Orange-OpenSource / hurl

Hurl, run and test HTTP requests with plain text.
https://hurl.dev
Apache License 2.0
12.93k stars 484 forks source link

Memory corruption when running the Hurl CLI with `--test` mode #3297

Open lambrospetrou opened 1 week ago

lambrospetrou commented 1 week ago

What is the current bug behavior?

There is a corrupt memory heap operation somewhere when finalizing the Hurl run.
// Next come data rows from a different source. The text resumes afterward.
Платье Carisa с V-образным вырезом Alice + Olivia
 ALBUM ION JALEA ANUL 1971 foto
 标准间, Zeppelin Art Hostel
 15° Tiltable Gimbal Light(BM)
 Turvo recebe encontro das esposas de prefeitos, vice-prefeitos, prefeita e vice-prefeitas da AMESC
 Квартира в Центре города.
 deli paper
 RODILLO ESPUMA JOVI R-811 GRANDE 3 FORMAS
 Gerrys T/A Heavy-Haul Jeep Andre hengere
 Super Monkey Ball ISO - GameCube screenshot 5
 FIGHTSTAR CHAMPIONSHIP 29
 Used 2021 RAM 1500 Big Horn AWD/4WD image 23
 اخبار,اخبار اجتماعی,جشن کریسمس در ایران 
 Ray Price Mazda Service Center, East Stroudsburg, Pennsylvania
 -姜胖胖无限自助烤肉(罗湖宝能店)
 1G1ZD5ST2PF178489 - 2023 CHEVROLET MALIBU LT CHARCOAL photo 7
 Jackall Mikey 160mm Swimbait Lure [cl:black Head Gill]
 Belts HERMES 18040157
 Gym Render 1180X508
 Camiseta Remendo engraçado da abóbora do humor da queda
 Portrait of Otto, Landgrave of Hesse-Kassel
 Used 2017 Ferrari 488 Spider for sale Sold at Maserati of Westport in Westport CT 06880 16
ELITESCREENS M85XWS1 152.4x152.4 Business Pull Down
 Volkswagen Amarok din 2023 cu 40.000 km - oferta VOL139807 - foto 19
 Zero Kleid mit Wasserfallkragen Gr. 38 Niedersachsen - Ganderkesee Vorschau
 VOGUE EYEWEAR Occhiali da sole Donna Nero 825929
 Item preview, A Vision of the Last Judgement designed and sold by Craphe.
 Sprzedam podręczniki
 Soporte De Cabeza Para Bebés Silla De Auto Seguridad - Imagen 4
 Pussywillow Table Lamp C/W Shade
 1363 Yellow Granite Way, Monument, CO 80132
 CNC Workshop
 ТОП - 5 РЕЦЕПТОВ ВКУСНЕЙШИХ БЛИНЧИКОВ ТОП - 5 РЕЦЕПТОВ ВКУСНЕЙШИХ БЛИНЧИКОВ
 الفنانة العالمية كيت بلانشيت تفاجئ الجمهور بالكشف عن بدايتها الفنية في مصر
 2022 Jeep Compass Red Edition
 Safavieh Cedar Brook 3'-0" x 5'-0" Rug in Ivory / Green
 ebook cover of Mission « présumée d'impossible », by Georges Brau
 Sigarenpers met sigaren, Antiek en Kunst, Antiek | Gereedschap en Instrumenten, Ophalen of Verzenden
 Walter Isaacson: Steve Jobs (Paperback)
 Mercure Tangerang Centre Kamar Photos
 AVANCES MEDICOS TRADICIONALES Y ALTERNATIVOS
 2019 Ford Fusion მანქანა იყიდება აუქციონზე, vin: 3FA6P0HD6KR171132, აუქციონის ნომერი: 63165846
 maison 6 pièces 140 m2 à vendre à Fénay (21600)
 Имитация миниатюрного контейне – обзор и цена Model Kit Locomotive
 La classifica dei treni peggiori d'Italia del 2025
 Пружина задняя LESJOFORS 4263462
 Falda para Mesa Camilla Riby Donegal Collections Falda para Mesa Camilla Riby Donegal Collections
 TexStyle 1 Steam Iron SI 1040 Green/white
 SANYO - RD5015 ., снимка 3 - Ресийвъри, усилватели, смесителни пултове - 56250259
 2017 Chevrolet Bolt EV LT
I am getting the following errors every few hundreds of runs of a simple Hurl script:

GET https://unpkg.com/vue@3.4.27/dist/vue.global.prod.js
HTTP 200

Errors occurring:

hurl --test --repeat 100 vuejs.hurl
...

Executed files:    100
Executed requests: 100 (91.6/s)
Succeeded files:   100 (100.0%)
Failed files:      0 (0.0%)
Duration:          1092 ms

double free or corruption (fasttop)
double free or corruption (fasttop)
double free or corruption (fasttop)
Segmentation fault (core dumped)

One time I got this error instead as well malloc_consolidate(): unaligned fastbin chunk detected, which is memory related too.

Steps to reproduce

Create the file Dockerfile-hurl-memory-issue with contents:

# Hurl needs GLibc 2.28+. We want curl version 8.4.0+ as well
# to properly support --max-filesize: https://github.com/Orange-OpenSource/hurl/issues/3245
# https://launchpad.net/ubuntu/+source/curl
FROM ubuntu:noble

# Hurl dependencies.
RUN apt-get update && apt-get install --no-install-recommends -y ca-certificates curl libcurl4 libxml2

# Install Hurl as per docs: https://hurl.dev/docs/installation.html#debian-ubuntu
RUN VERSION=5.0.1 && curl --location --remote-name https://github.com/Orange-OpenSource/hurl/releases/download/$VERSION/hurl_${VERSION}_amd64.deb && apt update && apt install ./hurl_${VERSION}_amd64.deb

Build the image and get inside the container:

docker build -t hurl-memory-test -f Dockerfile-hurl-memory-issue . && docker run --rm -it --entrypoint /bin/bash hurl-memory-test

Create the Hurl file:

echo -e "GET https://unpkg.com/vue@3.4.27/dist/vue.global.prod.js\nHTTP 200" > vuejs.hurl

Run the Hurl file (you might need to repeat the following a few times till you cause the memory error):

hurl --test --repeat 100 vuejs.hurl

What is the expected correct behavior?

It should complete successfully without any errors.

Execution context

root@f2abb0a5ee0c:/# hurl --version
hurl 5.0.1 (x86_64-pc-linux-gnu) libcurl/8.5.0 OpenSSL/3.0.13 zlib/1.3 brotli/1.1.0 zstd/1.5.5 libidn2/2.3.7 libssh/0.10.6/openssl/zlib nghttp2/1.59.0
Features (libcurl):  alt-svc AsynchDNS brotli HSTS HTTP2 IDN IPv6 Largefile libz NTLM SPNEGO SSL TLS-SRP UnixSockets zstd
Features (built-in): brotli

The issue occurs on ubuntu:noble latest tag as of today: https://hub.docker.com/layers/library/ubuntu/noble-20240904.1/images/sha256-74f92a6b3589aa5cac6028719aaac83de4037bad4371ae79ba362834389035aa?context=explore

And also happens with debian:trixie-slim: https://hub.docker.com/layers/library/debian/trixie-slim/images/sha256-4cc21783b221c03e841bc1274e5babef8c52ccabfc20abadc37e83e37bed6990?context=explore

Possible fixes

Not sure...

lambrospetrou commented 1 week ago

To add more context, the issue is not related to --repeat. In Skybear.NET I run scripts without that option, hence only once, and every few days I get the above memory corruption errors. Today for example, it happened 3 times.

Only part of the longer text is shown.